_Data section_

▼

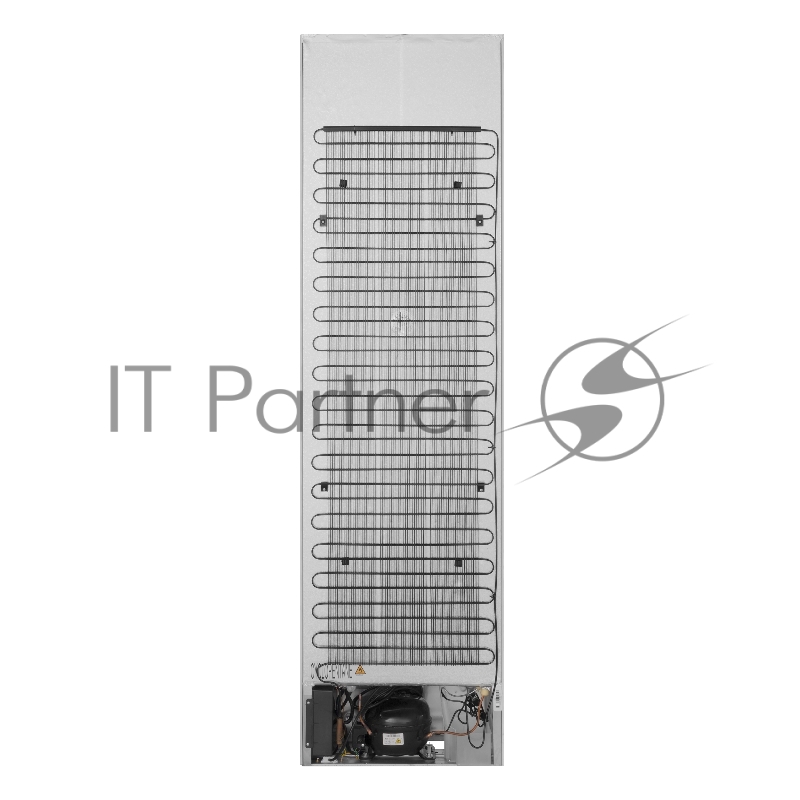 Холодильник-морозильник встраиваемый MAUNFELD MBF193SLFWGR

▲
▼

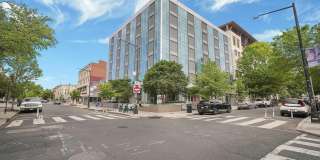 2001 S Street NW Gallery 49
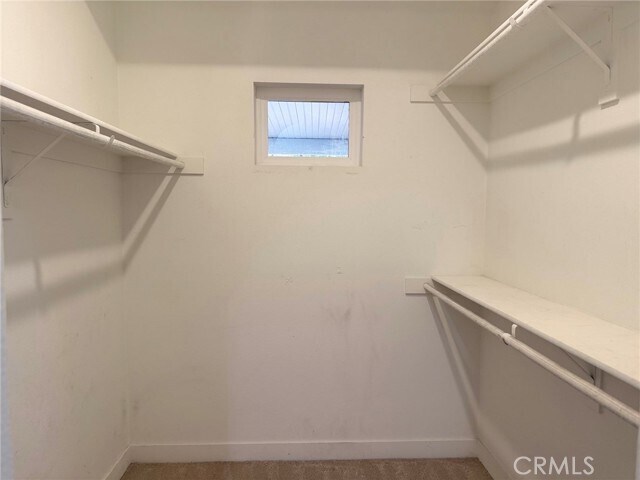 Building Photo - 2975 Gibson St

▲
▼

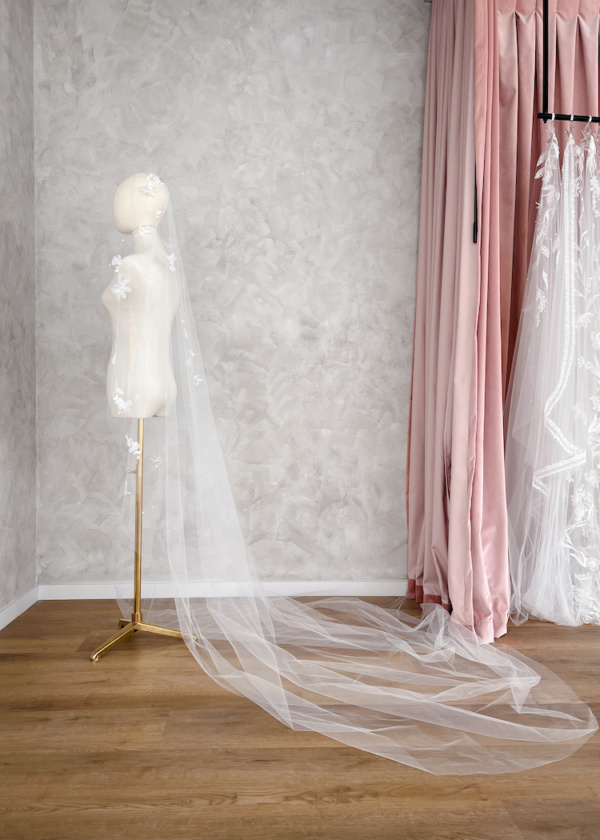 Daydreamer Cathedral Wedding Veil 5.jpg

▲

Your answer must be the lines above from the one holding "2001 S Street NW Gallery 49" up to and including the one holding "Building Photo - 2975 Gibson St", exact and with no pictures.

 2001 S Street NW Gallery 49
 Building Photo - 2975 Gibson St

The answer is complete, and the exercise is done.